- **DATA FOR THE TASK**
============================================================

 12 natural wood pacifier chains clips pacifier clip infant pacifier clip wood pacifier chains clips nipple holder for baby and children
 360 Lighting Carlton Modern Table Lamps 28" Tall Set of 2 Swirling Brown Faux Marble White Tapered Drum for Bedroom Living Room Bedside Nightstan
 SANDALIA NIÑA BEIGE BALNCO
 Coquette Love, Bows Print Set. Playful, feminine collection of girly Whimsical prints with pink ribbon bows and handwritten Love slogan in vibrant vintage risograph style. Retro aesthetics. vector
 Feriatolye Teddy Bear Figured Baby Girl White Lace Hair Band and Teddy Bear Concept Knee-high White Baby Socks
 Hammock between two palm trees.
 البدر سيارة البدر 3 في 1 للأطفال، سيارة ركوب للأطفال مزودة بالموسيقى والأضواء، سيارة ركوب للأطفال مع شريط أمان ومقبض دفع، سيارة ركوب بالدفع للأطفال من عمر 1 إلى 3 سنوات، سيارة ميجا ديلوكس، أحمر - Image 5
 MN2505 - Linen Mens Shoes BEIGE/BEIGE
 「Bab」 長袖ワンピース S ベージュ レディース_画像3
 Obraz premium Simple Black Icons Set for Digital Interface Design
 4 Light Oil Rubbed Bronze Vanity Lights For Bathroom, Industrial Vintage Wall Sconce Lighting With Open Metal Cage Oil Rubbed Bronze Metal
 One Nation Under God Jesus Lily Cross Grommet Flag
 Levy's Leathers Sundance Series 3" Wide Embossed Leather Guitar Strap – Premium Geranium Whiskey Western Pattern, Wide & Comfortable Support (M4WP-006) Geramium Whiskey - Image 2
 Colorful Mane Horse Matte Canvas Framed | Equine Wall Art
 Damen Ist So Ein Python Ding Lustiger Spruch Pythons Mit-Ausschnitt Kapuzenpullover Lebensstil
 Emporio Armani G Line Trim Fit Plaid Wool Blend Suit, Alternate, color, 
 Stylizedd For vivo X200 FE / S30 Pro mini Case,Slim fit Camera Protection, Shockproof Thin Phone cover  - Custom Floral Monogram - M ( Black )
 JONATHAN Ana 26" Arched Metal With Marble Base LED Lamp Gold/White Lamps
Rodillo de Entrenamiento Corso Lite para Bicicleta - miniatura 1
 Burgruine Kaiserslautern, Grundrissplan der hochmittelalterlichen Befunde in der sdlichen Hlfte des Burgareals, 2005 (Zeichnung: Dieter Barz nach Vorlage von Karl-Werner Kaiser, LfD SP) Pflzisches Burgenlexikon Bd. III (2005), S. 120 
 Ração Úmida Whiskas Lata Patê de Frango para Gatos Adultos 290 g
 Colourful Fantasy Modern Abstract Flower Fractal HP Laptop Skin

============================================================

- **INSTRUCTIONS FOR THE TASK**
Exactly the lines from the one containing "Colorful Mane Horse" to the last line of the entries above must be duplicated, with both of those lines included and nothing more.

- **WORKED SOLUTION**
 Colorful Mane Horse Matte Canvas Framed | Equine Wall Art
 Damen Ist So Ein Python Ding Lustiger Spruch Pythons Mit-Ausschnitt Kapuzenpullover Lebensstil
 Emporio Armani G Line Trim Fit Plaid Wool Blend Suit, Alternate, color, 
 Stylizedd For vivo X200 FE / S30 Pro mini Case,Slim fit Camera Protection, Shockproof Thin Phone cover  - Custom Floral Monogram - M ( Black )
 JONATHAN Ana 26" Arched Metal With Marble Base LED Lamp Gold/White Lamps
Rodillo de Entrenamiento Corso Lite para Bicicleta - miniatura 1
 Burgruine Kaiserslautern, Grundrissplan der hochmittelalterlichen Befunde in der sdlichen Hlfte des Burgareals, 2005 (Zeichnung: Dieter Barz nach Vorlage von Karl-Werner Kaiser, LfD SP) Pflzisches Burgenlexikon Bd. III (2005), S. 120 
 Ração Úmida Whiskas Lata Patê de Frango para Gatos Adultos 290 g
 Colourful Fantasy Modern Abstract Flower Fractal HP Laptop Skin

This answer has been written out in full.